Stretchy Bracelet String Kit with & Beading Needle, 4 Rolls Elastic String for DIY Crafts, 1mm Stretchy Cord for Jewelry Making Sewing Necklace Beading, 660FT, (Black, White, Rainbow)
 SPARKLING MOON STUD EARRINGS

* * *

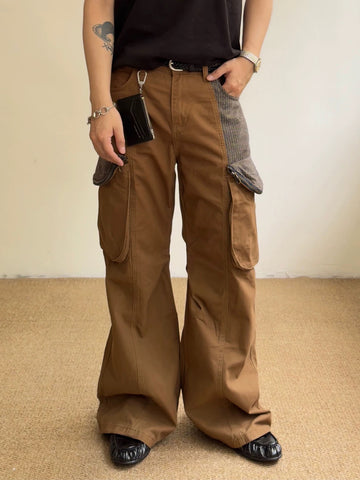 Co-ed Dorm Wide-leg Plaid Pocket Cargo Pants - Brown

• Exercise details:
Out of the data above, transcribe exactly and only the lines starting with the line that has "Stretchy Bracelet String" and going on through the line that has "SPARKLING MOON STUD EARRINGS", both included.

• Response for this exercise:
Stretchy Bracelet String Kit with & Beading Needle, 4 Rolls Elastic String for DIY Crafts, 1mm Stretchy Cord for Jewelry Making Sewing Necklace Beading, 660FT, (Black, White, Rainbow)
 SPARKLING MOON STUD EARRINGS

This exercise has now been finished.